> **PROBLEM REQUIREMENTS**: Every line from the one with "To remove the" up to and including the one with "Next, lower the" is to be output exactly as it appears below; pictures are not.

> **PROVIDED DATA**:
[Start of Attachment]
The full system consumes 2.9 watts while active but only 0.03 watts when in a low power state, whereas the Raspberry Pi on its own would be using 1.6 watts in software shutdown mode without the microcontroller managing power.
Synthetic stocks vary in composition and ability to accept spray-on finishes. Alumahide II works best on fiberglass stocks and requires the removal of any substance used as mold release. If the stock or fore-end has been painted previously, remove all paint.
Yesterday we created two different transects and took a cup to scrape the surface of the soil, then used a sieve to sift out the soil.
[End of Attachment]
[Start of Attachment]
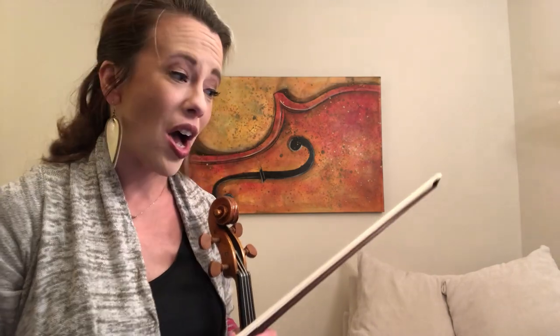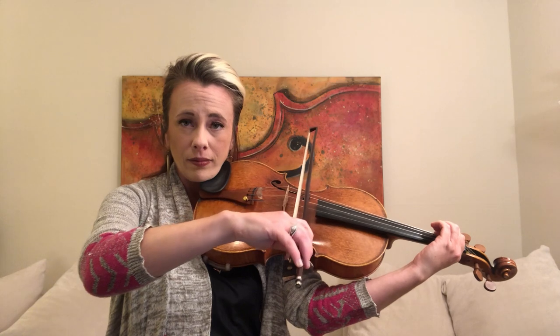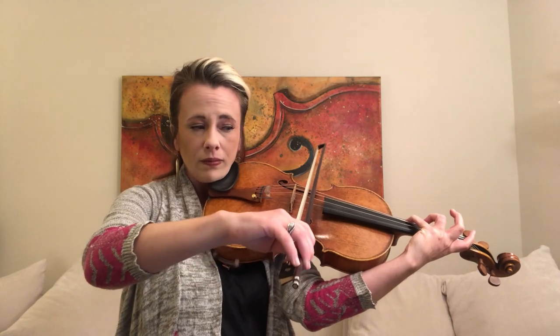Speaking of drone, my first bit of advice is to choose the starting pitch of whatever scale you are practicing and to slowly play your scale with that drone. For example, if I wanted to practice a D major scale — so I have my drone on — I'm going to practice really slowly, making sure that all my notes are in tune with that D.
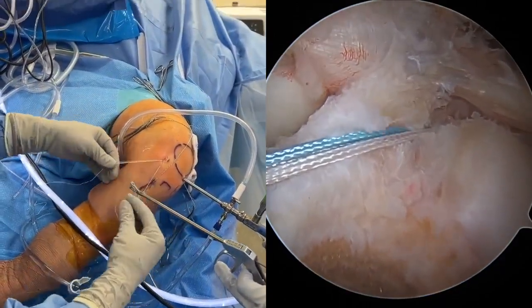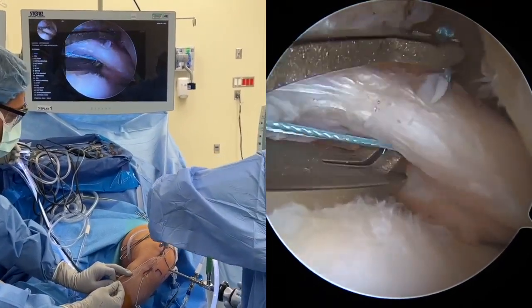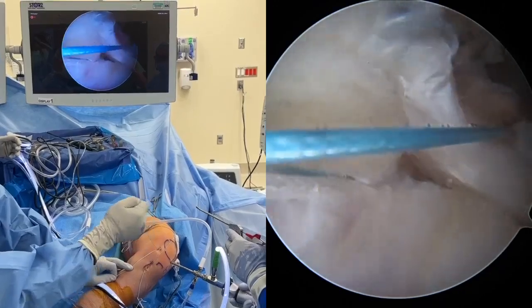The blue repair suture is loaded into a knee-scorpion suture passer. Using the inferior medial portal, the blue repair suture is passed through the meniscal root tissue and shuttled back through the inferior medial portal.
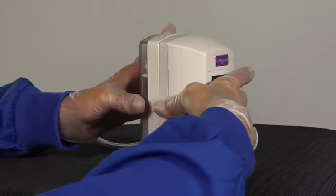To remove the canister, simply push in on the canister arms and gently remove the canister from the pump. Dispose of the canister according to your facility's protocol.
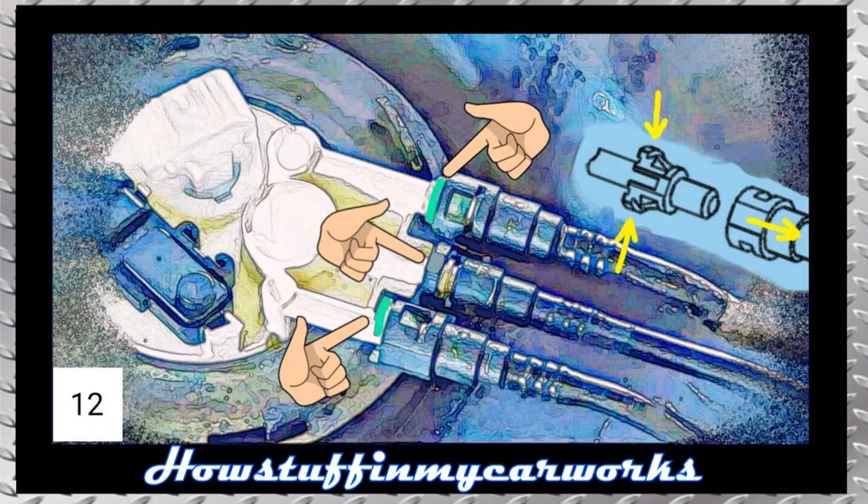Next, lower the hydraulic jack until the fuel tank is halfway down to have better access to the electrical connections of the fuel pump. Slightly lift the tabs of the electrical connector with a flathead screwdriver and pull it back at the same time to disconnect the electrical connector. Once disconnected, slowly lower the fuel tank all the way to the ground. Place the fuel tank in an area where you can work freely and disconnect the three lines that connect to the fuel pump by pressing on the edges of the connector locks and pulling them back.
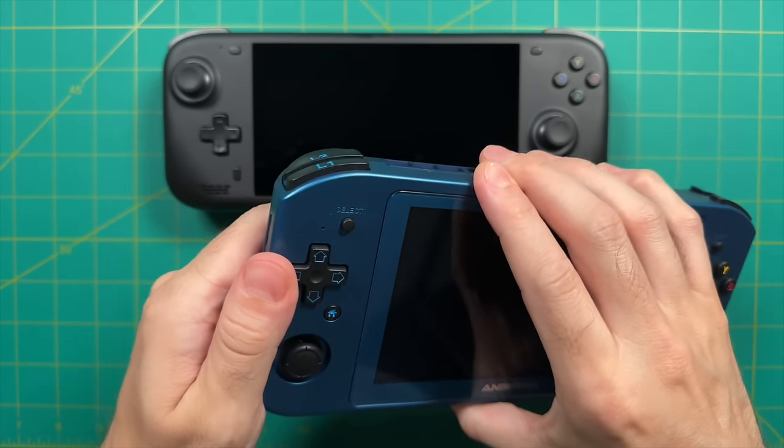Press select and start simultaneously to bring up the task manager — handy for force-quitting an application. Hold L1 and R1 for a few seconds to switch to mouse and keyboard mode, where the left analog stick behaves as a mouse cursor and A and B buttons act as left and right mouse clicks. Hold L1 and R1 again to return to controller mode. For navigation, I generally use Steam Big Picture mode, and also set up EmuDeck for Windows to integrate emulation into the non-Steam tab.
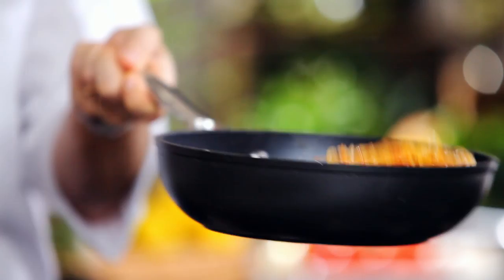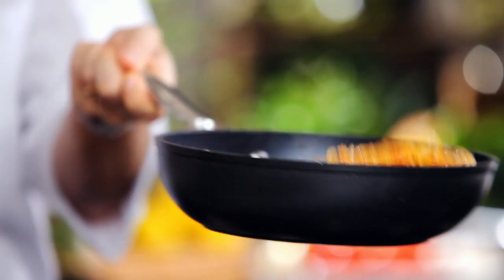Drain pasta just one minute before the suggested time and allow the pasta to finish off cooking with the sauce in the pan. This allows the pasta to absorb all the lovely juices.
[End of Attachment]
[Start of Attachment]
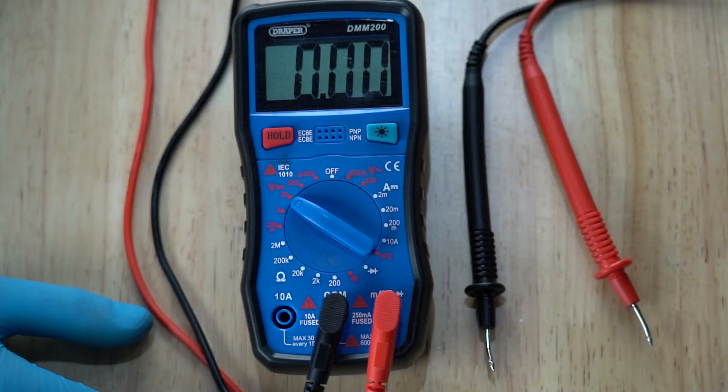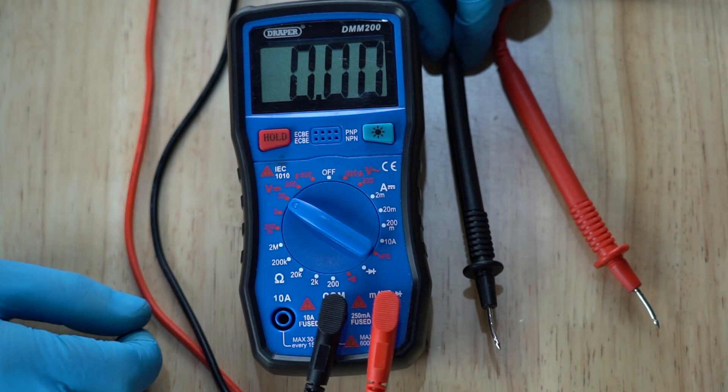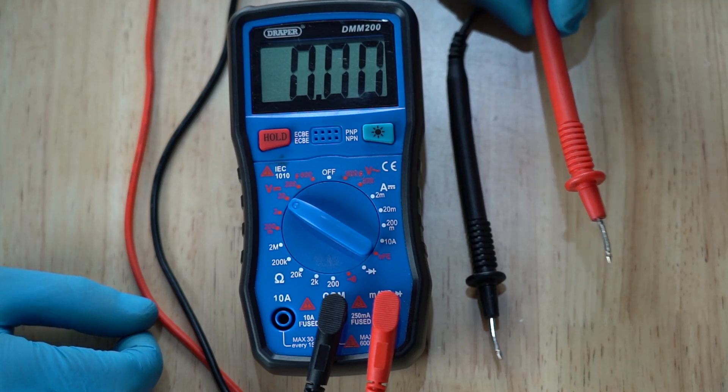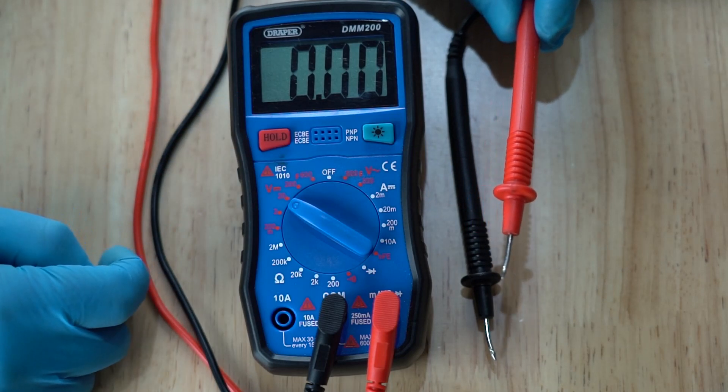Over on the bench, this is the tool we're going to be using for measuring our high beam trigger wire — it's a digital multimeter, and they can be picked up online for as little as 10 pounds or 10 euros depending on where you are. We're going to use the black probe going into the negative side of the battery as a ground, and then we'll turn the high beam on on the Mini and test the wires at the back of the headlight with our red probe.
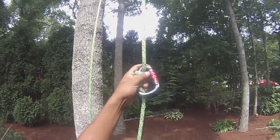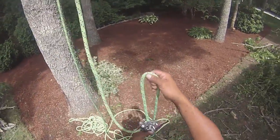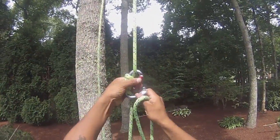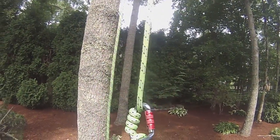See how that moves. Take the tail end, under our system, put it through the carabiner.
[End of Attachment]
> **ANSWER FOR THIS EXERCISE**:
To remove the canister, simply push in on the canister arms and gently remove the canister from the pump. Dispose of the canister according to your facility's protocol.
Next, lower the hydraulic jack until the fuel tank is halfway down to have better access to the electrical connections of the fuel pump. Slightly lift the tabs of the electrical connector with a flathead screwdriver and pull it back at the same time to disconnect the electrical connector. Once disconnected, slowly lower the fuel tank all the way to the ground. Place the fuel tank in an area where you can work freely and disconnect the three lines that connect to the fuel pump by pressing on the edges of the connector locks and pulling them back.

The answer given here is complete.